The problem | The data must be copied over exactly and in full.
══ Extracted records
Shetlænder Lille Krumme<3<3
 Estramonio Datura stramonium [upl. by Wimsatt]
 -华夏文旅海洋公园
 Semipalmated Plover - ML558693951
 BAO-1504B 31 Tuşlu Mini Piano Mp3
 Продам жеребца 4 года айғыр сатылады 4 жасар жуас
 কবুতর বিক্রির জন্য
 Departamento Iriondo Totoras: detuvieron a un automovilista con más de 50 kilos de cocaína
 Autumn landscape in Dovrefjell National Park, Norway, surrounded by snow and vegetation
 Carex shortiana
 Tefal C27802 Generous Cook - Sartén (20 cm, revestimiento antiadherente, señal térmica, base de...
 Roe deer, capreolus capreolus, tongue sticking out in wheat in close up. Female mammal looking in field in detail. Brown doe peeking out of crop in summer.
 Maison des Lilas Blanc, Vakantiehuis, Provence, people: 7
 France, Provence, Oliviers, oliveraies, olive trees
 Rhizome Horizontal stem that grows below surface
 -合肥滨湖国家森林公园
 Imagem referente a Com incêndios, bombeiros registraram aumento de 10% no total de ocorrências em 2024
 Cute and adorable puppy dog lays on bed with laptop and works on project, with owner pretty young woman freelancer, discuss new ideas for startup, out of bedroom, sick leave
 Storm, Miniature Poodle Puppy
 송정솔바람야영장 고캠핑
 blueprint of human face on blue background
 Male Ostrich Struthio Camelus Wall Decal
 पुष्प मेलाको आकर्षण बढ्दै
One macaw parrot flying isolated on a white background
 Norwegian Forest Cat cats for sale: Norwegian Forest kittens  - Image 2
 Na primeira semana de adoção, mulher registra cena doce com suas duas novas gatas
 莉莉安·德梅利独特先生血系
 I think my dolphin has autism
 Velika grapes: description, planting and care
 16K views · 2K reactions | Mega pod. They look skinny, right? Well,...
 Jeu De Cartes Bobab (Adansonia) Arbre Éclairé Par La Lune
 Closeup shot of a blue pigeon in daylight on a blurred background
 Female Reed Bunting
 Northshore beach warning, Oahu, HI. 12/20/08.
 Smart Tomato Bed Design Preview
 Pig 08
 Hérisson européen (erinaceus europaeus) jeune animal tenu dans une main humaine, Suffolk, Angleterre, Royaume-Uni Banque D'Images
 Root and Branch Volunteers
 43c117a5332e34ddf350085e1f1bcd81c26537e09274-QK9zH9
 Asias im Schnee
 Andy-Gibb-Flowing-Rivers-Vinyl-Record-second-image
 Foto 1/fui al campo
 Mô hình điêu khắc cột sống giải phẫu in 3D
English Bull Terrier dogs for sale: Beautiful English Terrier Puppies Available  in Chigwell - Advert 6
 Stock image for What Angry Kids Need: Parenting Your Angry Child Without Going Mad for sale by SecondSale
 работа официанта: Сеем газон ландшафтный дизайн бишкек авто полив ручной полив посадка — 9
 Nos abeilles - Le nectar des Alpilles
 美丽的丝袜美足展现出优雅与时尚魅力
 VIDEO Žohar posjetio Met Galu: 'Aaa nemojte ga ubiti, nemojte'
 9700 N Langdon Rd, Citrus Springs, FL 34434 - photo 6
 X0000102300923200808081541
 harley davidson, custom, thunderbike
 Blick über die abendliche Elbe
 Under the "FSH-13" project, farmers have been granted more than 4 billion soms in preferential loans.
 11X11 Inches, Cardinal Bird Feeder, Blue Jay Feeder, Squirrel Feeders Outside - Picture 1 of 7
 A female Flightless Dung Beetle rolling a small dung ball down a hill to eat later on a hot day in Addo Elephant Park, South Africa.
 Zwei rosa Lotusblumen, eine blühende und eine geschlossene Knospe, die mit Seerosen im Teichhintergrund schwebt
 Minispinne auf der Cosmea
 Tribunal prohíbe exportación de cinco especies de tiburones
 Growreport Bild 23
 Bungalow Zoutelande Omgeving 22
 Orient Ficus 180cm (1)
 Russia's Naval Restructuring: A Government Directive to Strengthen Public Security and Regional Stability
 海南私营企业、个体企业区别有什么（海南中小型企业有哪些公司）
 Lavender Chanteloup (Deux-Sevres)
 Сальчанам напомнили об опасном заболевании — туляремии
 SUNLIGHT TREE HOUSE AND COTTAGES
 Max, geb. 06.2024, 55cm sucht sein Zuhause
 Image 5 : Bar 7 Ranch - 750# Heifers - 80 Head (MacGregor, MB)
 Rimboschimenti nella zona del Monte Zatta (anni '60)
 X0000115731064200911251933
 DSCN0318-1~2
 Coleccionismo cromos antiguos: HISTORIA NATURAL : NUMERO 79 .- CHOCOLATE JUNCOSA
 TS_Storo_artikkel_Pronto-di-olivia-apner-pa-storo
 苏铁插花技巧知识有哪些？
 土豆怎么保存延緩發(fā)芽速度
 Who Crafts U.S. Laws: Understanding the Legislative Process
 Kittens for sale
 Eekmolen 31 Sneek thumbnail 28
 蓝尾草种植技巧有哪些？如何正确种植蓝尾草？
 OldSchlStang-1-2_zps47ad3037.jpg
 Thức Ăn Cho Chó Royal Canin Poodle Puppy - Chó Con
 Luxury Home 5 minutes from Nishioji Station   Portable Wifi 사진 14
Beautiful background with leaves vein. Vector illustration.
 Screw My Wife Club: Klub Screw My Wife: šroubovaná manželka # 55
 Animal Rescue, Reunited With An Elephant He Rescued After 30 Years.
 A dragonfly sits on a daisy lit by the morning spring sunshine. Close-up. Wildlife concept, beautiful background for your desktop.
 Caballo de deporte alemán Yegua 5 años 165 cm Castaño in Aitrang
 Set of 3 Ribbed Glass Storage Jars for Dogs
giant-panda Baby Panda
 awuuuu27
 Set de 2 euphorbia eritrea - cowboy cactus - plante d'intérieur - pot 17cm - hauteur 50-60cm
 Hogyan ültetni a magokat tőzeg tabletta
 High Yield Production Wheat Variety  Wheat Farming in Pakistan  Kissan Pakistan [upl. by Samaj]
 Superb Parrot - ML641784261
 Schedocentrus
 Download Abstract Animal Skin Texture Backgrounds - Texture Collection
════
Task result |
Shetlænder Lille Krumme<3<3
 Estramonio Datura stramonium [upl. by Wimsatt]
 -华夏文旅海洋公园
 Semipalmated Plover - ML558693951
 BAO-1504B 31 Tuşlu Mini Piano Mp3
 Продам жеребца 4 года айғыр сатылады 4 жасар жуас
 কবুতর বিক্রির জন্য
 Departamento Iriondo Totoras: detuvieron a un automovilista con más de 50 kilos de cocaína
 Autumn landscape in Dovrefjell National Park, Norway, surrounded by snow and vegetation
 Carex shortiana
 Tefal C27802 Generous Cook - Sartén (20 cm, revestimiento antiadherente, señal térmica, base de...
 Roe deer, capreolus capreolus, tongue sticking out in wheat in close up. Female mammal looking in field in detail. Brown doe peeking out of crop in summer.
 Maison des Lilas Blanc, Vakantiehuis, Provence, people: 7
 France, Provence, Oliviers, oliveraies, olive trees
 Rhizome Horizontal stem that grows below surface
 -合肥滨湖国家森林公园
 Imagem referente a Com incêndios, bombeiros registraram aumento de 10% no total de ocorrências em 2024
 Cute and adorable puppy dog lays on bed with laptop and works on project, with owner pretty young woman freelancer, discuss new ideas for startup, out of bedroom, sick leave
 Storm, Miniature Poodle Puppy
 송정솔바람야영장 고캠핑
 blueprint of human face on blue background
 Male Ostrich Struthio Camelus Wall Decal
 पुष्प मेलाको आकर्षण बढ्दै
One macaw parrot flying isolated on a white background
 Norwegian Forest Cat cats for sale: Norwegian Forest kittens  - Image 2
 Na primeira semana de adoção, mulher registra cena doce com suas duas novas gatas
 莉莉安·德梅利独特先生血系
 I think my dolphin has autism
 Velika grapes: description, planting and care
 16K views · 2K reactions | Mega pod. They look skinny, right? Well,...
 Jeu De Cartes Bobab (Adansonia) Arbre Éclairé Par La Lune
 Closeup shot of a blue pigeon in daylight on a blurred background
 Female Reed Bunting
 Northshore beach warning, Oahu, HI. 12/20/08.
 Smart Tomato Bed Design Preview
 Pig 08
 Hérisson européen (erinaceus europaeus) jeune animal tenu dans une main humaine, Suffolk, Angleterre, Royaume-Uni Banque D'Images
 Root and Branch Volunteers
 43c117a5332e34ddf350085e1f1bcd81c26537e09274-QK9zH9
 Asias im Schnee
 Andy-Gibb-Flowing-Rivers-Vinyl-Record-second-image
 Foto 1/fui al campo
 Mô hình điêu khắc cột sống giải phẫu in 3D
English Bull Terrier dogs for sale: Beautiful English Terrier Puppies Available  in Chigwell - Advert 6
 Stock image for What Angry Kids Need: Parenting Your Angry Child Without Going Mad for sale by SecondSale
 работа официанта: Сеем газон ландшафтный дизайн бишкек авто полив ручной полив посадка — 9
 Nos abeilles - Le nectar des Alpilles
 美丽的丝袜美足展现出优雅与时尚魅力
 VIDEO Žohar posjetio Met Galu: 'Aaa nemojte ga ubiti, nemojte'
 9700 N Langdon Rd, Citrus Springs, FL 34434 - photo 6
 X0000102300923200808081541
 harley davidson, custom, thunderbike
 Blick über die abendliche Elbe
 Under the "FSH-13" project, farmers have been granted more than 4 billion soms in preferential loans.
 11X11 Inches, Cardinal Bird Feeder, Blue Jay Feeder, Squirrel Feeders Outside - Picture 1 of 7
 A female Flightless Dung Beetle rolling a small dung ball down a hill to eat later on a hot day in Addo Elephant Park, South Africa.
 Zwei rosa Lotusblumen, eine blühende und eine geschlossene Knospe, die mit Seerosen im Teichhintergrund schwebt
 Minispinne auf der Cosmea
 Tribunal prohíbe exportación de cinco especies de tiburones
 Growreport Bild 23
 Bungalow Zoutelande Omgeving 22
 Orient Ficus 180cm (1)
 Russia's Naval Restructuring: A Government Directive to Strengthen Public Security and Regional Stability
 海南私营企业、个体企业区别有什么（海南中小型企业有哪些公司）
 Lavender Chanteloup (Deux-Sevres)
 Сальчанам напомнили об опасном заболевании — туляремии
 SUNLIGHT TREE HOUSE AND COTTAGES
 Max, geb. 06.2024, 55cm sucht sein Zuhause
 Image 5 : Bar 7 Ranch - 750# Heifers - 80 Head (MacGregor, MB)
 Rimboschimenti nella zona del Monte Zatta (anni '60)
 X0000115731064200911251933
 DSCN0318-1~2
 Coleccionismo cromos antiguos: HISTORIA NATURAL : NUMERO 79 .- CHOCOLATE JUNCOSA
 TS_Storo_artikkel_Pronto-di-olivia-apner-pa-storo
 苏铁插花技巧知识有哪些？
 土豆怎么保存延緩發(fā)芽速度
 Who Crafts U.S. Laws: Understanding the Legislative Process
 Kittens for sale
 Eekmolen 31 Sneek thumbnail 28
 蓝尾草种植技巧有哪些？如何正确种植蓝尾草？
 OldSchlStang-1-2_zps47ad3037.jpg
 Thức Ăn Cho Chó Royal Canin Poodle Puppy - Chó Con
 Luxury Home 5 minutes from Nishioji Station   Portable Wifi 사진 14
Beautiful background with leaves vein. Vector illustration.
 Screw My Wife Club: Klub Screw My Wife: šroubovaná manželka # 55
 Animal Rescue, Reunited With An Elephant He Rescued After 30 Years.
 A dragonfly sits on a daisy lit by the morning spring sunshine. Close-up. Wildlife concept, beautiful background for your desktop.
 Caballo de deporte alemán Yegua 5 años 165 cm Castaño in Aitrang
 Set of 3 Ribbed Glass Storage Jars for Dogs
giant-panda Baby Panda
 awuuuu27
 Set de 2 euphorbia eritrea - cowboy cactus - plante d'intérieur - pot 17cm - hauteur 50-60cm
 Hogyan ültetni a magokat tőzeg tabletta
 High Yield Production Wheat Variety  Wheat Farming in Pakistan  Kissan Pakistan [upl. by Samaj]
 Superb Parrot - ML641784261
 Schedocentrus
 Download Abstract Animal Skin Texture Backgrounds - Texture Collection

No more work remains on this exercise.